*Work item:* Which of the lines below include the word "Used"? Pull each one out.

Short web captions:

::::::::

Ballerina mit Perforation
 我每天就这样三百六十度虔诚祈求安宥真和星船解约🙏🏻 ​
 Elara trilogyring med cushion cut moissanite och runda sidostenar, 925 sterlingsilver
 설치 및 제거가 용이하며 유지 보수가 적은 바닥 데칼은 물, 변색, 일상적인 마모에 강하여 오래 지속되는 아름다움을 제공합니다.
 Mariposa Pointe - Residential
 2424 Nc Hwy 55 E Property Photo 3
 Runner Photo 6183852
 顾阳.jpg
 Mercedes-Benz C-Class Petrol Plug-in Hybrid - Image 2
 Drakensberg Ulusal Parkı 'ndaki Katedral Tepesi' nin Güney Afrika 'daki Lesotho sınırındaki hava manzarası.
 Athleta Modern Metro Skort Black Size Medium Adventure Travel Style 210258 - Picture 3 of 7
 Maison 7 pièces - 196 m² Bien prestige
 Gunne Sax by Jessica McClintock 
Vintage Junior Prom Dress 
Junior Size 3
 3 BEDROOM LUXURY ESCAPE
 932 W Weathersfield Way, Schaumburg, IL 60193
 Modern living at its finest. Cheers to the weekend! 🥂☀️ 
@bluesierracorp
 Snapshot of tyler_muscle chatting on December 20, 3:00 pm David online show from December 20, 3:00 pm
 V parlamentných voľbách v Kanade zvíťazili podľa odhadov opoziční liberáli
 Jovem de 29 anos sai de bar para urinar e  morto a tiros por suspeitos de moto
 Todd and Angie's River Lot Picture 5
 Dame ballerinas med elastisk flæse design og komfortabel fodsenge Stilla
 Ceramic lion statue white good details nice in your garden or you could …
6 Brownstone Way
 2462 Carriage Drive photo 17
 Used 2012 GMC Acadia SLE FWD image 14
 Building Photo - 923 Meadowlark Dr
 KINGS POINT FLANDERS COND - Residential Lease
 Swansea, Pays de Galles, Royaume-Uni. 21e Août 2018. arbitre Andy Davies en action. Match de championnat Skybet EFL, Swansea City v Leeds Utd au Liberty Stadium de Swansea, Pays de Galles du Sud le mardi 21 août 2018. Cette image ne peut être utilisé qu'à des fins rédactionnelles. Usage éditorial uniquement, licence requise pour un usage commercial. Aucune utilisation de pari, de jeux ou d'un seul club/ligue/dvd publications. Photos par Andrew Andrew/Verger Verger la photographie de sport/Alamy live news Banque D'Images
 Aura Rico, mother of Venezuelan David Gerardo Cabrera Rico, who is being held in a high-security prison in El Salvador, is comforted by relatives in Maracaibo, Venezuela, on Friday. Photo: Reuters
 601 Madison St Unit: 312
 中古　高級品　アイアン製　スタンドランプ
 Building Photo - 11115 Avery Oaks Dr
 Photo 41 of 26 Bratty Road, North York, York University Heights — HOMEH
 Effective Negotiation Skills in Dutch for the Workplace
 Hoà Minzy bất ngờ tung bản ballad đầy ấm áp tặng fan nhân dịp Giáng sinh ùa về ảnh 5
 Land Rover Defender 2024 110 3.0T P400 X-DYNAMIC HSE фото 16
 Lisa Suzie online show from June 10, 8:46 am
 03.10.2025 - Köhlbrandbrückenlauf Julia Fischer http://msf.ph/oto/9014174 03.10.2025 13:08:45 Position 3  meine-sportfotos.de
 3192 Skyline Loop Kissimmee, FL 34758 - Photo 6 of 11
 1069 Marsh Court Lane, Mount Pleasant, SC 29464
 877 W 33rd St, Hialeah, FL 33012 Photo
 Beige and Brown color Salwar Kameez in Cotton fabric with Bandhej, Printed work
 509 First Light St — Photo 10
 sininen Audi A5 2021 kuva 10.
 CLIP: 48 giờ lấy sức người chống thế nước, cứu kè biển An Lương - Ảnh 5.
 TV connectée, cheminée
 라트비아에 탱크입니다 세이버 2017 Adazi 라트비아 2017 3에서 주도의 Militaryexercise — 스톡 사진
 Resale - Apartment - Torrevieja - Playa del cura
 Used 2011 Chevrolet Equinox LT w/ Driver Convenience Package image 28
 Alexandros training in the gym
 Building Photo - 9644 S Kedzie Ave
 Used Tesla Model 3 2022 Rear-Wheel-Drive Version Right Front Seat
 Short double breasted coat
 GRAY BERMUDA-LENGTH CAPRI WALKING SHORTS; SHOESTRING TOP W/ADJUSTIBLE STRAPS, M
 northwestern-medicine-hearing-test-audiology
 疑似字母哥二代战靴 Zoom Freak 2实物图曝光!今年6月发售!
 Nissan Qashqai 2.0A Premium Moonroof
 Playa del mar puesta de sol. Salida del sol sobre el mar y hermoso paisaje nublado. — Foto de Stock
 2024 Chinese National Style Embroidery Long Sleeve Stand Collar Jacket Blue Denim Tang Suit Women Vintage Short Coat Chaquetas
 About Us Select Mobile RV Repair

::::::::

*Response:*
 Used 2012 GMC Acadia SLE FWD image 14
 Used 2011 Chevrolet Equinox LT w/ Driver Convenience Package image 28
 Used Tesla Model 3 2022 Rear-Wheel-Drive Version Right Front Seat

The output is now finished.